We did not have any close friends or family in the U.S. However, since I got my H–1B through a company called Global Teachers Research & Resources, Inc., the company sent a car to pick me up. I was then given accommodation in a guest house, where around 2–3 other teachers had also come from different parts of the world. We then went to various schools in Georgia for interviews. After I got a job, I moved into my own place.
When did your family join you in the U.S.?
It was a complex orchestration. I had my H–1B visa in February, but given that the U.S. academic year starts in August, there was no point of coming to the U.S. before that. So, I waited for my daughter to complete her tenth grade in India. Once she finished tenth grade around April, we applied for their visas. However, even though all of us had our visas, we still came here one at a time. First, I came here by myself on June 14 for my interviews at various schools. Then my family joined me after a month, by the third week of July. I still remember a sequence of three days that marked the start of our new life – on the first day, I got the formal offer as a math teacher; the next day my family arrived in the U.S.; and then on the very next day it was my son’s birthday!
What was your experience as a teacher in the U.S., compared to your experience in India?
My first teaching assignment was with a Title I school where the students came from economically challenged families. It was a huge culture shock for me. Back in HPS, students were from middle to upper–middle class families that tended to prioritize academic performance. In the Title I school, students did not have the same focus on academics and often lacked discipline. They did not treat their teachers or even their books with much respect. In the first year, I was really questioning my decision to come to the U.S. However, over time, as I completed some of the required training courses, I came to appreciate the differences in the student population. Many of them had to balance school with work. Some were foster kids who saw school as a break from their difficult life and looked to their teachers more for love and affection than for academic instruction. This led me to realize that I had to adjust to them just as much as they had to adjust to me. I came to appreciate the purpose behind the decision these schools took to seek out excellent teachers from across the world – teachers who would be able to spark a love for learning among these children. Most importantly, I recognized that I had to take those first steps by reaching and connecting with the students, before they would be willing to adjust to my teaching style.

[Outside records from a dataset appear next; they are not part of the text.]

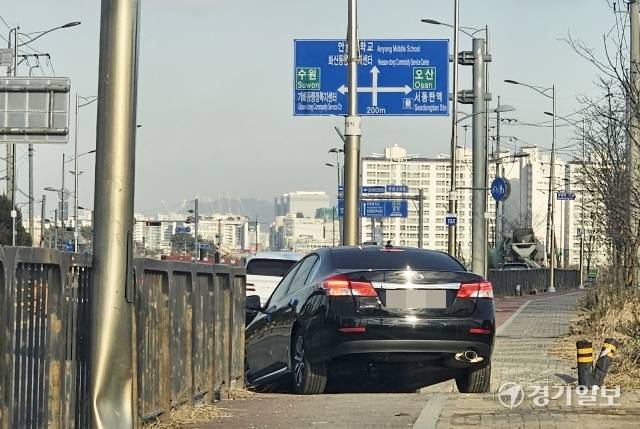 5일 오전 10시께 화성시 안녕동 일대 자전거·보행자 겸용도로 한복판에 30분이 넘도록 머무르던 검은색 승용차가 자리를 뜨고 있다. 김기현기자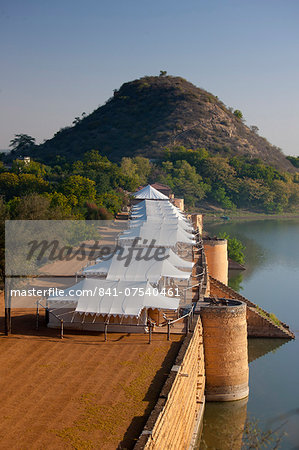 Chhatra Sagar reservoir and luxury tented camp oasis in the desert at Nimaj, Rajasthan, Northern India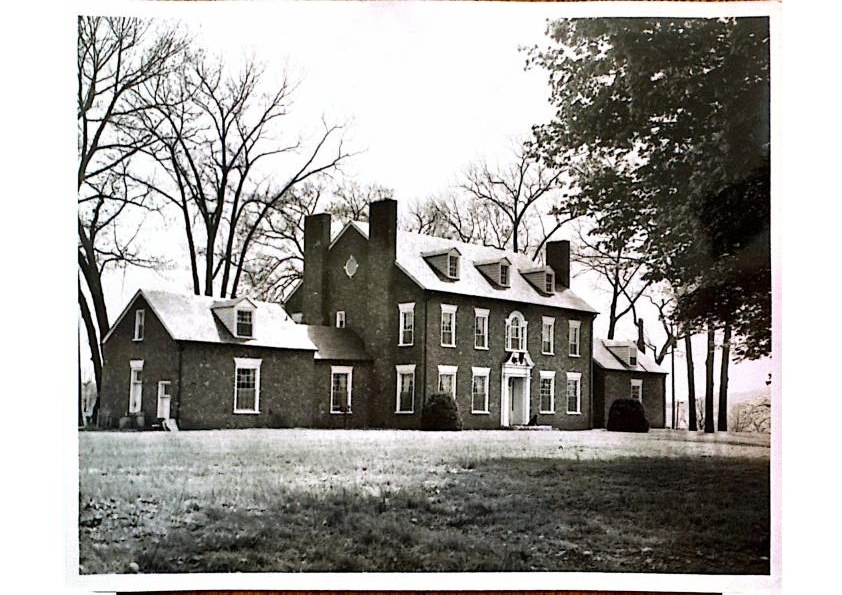 The manor in winter — the full elevation among bare hardwoods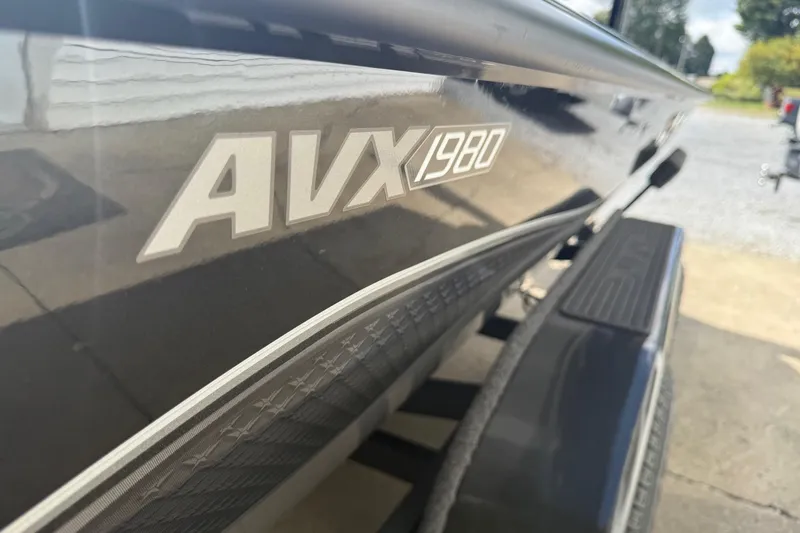 Slide: The Image of 2022 Vexus AVX1980 boat side view with model name visible. - 15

How did your experience as a teacher change over time?
After I got my green card in 2014, we moved to a different school, where I had students from more diverse family backgrounds. I soon got into my rhythm and was very successful in shaping the students’ love for mathematics and helping them realize their academic goals, just as I had back in HPS. For the past several years, I have focused on teaching gifted students advanced mathematics – AP Calculus, and Statistics. Today, I continue to enjoy my teaching and I am always thrilled to see my students progress and continue to be successful in college and beyond. It is particularly pleasing to see how many students have made it into the Governor’s Honors Program. All these experiences make me feel that I have fulfilled my mission as a math teacher.
What advice would you give to new immigrants arriving in the U.S. today?
One must not enter the U.S. with preconceived ideas about oneself or the country. Confidence is always the key – there is nothing wrong in believing that one can achieve the impossible with hard work. But don’t come to this country with a chip on your shoulder - recognize that everyone always has something they need to learn as they transition into this country. Therefore, if you want to truly fit in with this country, you have to understand its strengths and weaknesses (as well as your own) and adjust to the society around you. As long as you follow these steps, you will do well in the U.S.
* The contributor of this story has asked that their name be withheld.